Tahun 70-80an adalah masa emas usaha batik di Ponorogo. Ada 2 pabrik mori (kain bahan batik) yang masih bertahan sampai penghujung tahun 90-an.
Pabrik yang berproduksi selama 24 jam nonstop. Lonceng selalu terdengar saat pergantian shif, dan saat itulah jalanan dipenuhi karyawan berseragam biru untuk bawahan dan biru ndog bebek untuk atasan.
Banyak rumah besar dan beratap tinggi bercorak Eropa, rumah tersebut milik para juragan batik menjadi saksi. Jalan-jalan dengan nama batik, di sekitaran kota lama. Serta koperasi batik dan gedung serbaguna guna milik koperasi batik masih kokoh kalau dulu Ponorogo menjadi pusat batik di wilayah Mataraman.
Geliat muncul lagi sekitar 10 tahunan terakhir. Batik tulis dan batik cap, namun kondisinya-pun tersendat.
Event yang digelar oleh dinas pariwisata tersebut diharapkan menjadi babak baru per-batikan yang pernah jaya. Banyak pengusaha batik di wilayah Mataraman (Karisidenan Madiun dan Karisidenan Kediri) berkumpul memamerkan batik masing-masing produksinya.
Acara seperti sangat bermanfaat menurutnya, bisa mengenalkan hasil karyanya. Kali dia membawa 8 model untuk bawakan kreasi batik lukisnya. Bersyukur akhirnya pemerintah memfasilitasinya lewat gelaran seperti ini.

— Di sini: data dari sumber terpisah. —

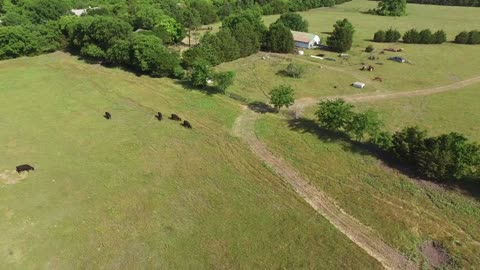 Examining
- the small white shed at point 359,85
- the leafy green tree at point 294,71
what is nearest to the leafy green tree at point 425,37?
the small white shed at point 359,85

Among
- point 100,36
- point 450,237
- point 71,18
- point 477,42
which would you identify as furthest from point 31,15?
point 477,42

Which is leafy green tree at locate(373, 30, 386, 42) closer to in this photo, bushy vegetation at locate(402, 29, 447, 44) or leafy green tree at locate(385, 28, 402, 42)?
leafy green tree at locate(385, 28, 402, 42)

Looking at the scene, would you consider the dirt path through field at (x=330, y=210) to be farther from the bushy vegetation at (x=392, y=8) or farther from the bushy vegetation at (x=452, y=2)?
the bushy vegetation at (x=452, y=2)

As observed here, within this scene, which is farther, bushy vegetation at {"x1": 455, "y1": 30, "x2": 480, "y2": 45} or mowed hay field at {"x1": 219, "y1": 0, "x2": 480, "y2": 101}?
bushy vegetation at {"x1": 455, "y1": 30, "x2": 480, "y2": 45}

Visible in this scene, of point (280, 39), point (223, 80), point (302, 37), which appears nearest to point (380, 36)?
point (302, 37)

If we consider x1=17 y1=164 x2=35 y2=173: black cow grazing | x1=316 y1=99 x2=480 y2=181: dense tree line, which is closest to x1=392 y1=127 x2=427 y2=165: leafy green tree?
x1=316 y1=99 x2=480 y2=181: dense tree line

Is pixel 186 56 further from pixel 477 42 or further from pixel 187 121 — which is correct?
pixel 477 42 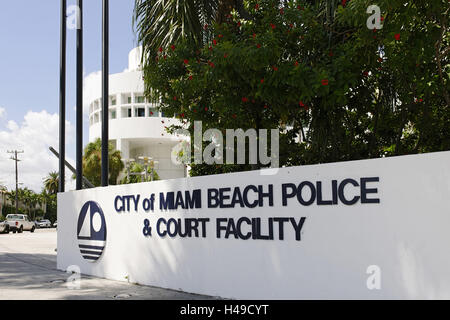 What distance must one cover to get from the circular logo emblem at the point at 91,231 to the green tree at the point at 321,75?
2705 mm

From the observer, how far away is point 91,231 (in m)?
10.8

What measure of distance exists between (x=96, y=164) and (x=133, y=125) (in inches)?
631

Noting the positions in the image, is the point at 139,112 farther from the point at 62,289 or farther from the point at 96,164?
the point at 62,289

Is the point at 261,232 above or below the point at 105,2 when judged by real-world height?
below

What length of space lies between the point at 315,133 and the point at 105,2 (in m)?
5.77

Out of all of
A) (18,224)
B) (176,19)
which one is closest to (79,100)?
(176,19)

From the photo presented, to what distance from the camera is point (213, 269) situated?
7.86 meters

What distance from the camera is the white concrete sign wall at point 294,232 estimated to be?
5457mm

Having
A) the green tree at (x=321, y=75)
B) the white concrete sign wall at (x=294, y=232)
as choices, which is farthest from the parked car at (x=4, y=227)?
the white concrete sign wall at (x=294, y=232)

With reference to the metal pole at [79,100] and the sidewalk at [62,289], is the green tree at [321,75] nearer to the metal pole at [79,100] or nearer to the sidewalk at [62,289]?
the metal pole at [79,100]

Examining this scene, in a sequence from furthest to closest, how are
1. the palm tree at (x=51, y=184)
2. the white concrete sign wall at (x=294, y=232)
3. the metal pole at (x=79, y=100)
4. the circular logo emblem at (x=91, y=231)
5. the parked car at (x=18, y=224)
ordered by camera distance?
the palm tree at (x=51, y=184), the parked car at (x=18, y=224), the metal pole at (x=79, y=100), the circular logo emblem at (x=91, y=231), the white concrete sign wall at (x=294, y=232) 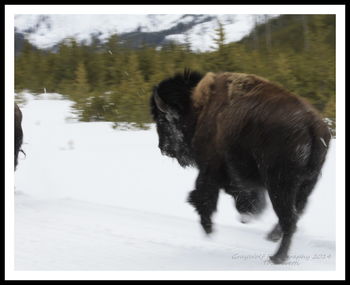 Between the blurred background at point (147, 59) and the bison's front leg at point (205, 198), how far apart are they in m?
3.72

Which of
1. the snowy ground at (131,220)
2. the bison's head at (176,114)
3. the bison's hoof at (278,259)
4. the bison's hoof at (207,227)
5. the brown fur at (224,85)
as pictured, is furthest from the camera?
the bison's head at (176,114)

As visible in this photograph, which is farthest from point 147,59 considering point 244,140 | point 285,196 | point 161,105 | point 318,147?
point 285,196

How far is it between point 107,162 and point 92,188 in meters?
0.97

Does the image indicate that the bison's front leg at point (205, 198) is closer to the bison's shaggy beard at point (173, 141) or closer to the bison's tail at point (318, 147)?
the bison's shaggy beard at point (173, 141)

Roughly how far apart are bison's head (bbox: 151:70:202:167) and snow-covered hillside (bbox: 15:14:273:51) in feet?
4.03

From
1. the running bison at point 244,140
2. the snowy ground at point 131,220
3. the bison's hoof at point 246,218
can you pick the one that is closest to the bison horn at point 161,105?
the running bison at point 244,140

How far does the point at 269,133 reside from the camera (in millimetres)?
5043

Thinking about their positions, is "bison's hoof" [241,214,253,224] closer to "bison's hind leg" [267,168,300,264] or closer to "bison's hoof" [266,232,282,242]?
"bison's hoof" [266,232,282,242]

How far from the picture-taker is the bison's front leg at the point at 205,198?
18.7 ft

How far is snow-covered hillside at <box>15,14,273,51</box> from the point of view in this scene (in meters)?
7.33

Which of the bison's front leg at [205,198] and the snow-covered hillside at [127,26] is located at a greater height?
the snow-covered hillside at [127,26]

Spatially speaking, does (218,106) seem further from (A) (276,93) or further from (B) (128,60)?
(B) (128,60)

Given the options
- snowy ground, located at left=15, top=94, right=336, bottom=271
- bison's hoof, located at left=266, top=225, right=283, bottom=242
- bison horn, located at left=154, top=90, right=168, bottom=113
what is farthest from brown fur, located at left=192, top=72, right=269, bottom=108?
bison's hoof, located at left=266, top=225, right=283, bottom=242

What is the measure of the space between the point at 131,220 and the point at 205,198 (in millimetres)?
1176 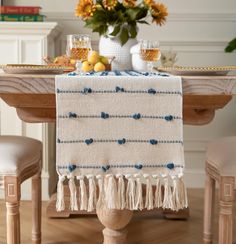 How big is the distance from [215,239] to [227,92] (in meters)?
1.14

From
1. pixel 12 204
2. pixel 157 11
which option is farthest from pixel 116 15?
pixel 12 204

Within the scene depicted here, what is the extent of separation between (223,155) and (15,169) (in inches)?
29.8

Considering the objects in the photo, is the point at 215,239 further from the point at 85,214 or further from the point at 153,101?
the point at 153,101

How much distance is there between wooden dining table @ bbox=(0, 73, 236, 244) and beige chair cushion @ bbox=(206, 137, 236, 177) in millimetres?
125

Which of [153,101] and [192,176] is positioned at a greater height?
[153,101]

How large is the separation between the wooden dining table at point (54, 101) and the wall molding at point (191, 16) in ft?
4.41

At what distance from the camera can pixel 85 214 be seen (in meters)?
2.74

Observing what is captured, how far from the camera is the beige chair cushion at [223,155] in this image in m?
1.77

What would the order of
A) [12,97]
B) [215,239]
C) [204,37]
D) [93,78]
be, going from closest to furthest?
1. [93,78]
2. [12,97]
3. [215,239]
4. [204,37]

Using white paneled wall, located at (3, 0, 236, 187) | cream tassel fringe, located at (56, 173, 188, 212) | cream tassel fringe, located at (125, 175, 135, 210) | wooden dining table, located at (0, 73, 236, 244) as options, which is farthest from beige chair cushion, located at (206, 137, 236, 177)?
white paneled wall, located at (3, 0, 236, 187)

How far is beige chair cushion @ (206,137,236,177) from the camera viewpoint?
1772mm

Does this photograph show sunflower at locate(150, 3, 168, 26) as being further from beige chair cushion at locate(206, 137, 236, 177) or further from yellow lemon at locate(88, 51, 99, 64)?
beige chair cushion at locate(206, 137, 236, 177)

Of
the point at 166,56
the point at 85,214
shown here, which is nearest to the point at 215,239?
the point at 85,214

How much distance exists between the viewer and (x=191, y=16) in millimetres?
3268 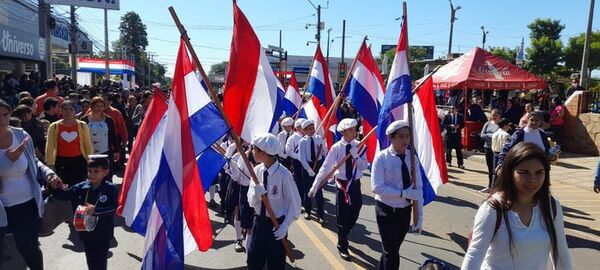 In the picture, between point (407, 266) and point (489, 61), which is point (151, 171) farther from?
point (489, 61)

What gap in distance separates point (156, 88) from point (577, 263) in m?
5.51

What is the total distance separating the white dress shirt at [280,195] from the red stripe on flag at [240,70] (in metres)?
1.09

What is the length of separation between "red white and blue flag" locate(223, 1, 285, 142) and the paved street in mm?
1656

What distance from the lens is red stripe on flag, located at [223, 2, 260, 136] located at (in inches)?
203

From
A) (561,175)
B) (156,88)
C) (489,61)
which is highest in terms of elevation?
(489,61)

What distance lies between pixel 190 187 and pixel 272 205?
0.75m

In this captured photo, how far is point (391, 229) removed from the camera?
4.38 metres

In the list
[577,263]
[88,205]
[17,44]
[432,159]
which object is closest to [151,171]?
[88,205]

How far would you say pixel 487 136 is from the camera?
9750 millimetres

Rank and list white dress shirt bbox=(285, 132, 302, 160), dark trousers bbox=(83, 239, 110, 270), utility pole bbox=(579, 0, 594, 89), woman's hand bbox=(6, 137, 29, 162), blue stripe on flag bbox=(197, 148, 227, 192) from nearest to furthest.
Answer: woman's hand bbox=(6, 137, 29, 162), dark trousers bbox=(83, 239, 110, 270), blue stripe on flag bbox=(197, 148, 227, 192), white dress shirt bbox=(285, 132, 302, 160), utility pole bbox=(579, 0, 594, 89)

Penampilan wakil dari Ngawi memukau, model berpasangan memakai batik Enjang Pelangi. Busana yang dirancang oleh Rhiana Putri desainer muda dari Ngawi tersebut mendapat apresiasi luar biasa.
Wakil Bupati Ponorogo Drs. H. Soedjarno, M.M. menuturkan acara ini digelar bertujuan mendukung pelaku industri batik agar lebih memperkaya desain maupun motif.
Wakil bupati juga menjanjikan acara seperti ini akan menjadi kalender tetap untuk mendukung dunia pariwisata di Ponorogo. Sehingga batik menjadi salah satu alasan orang datang ke Ponorogo.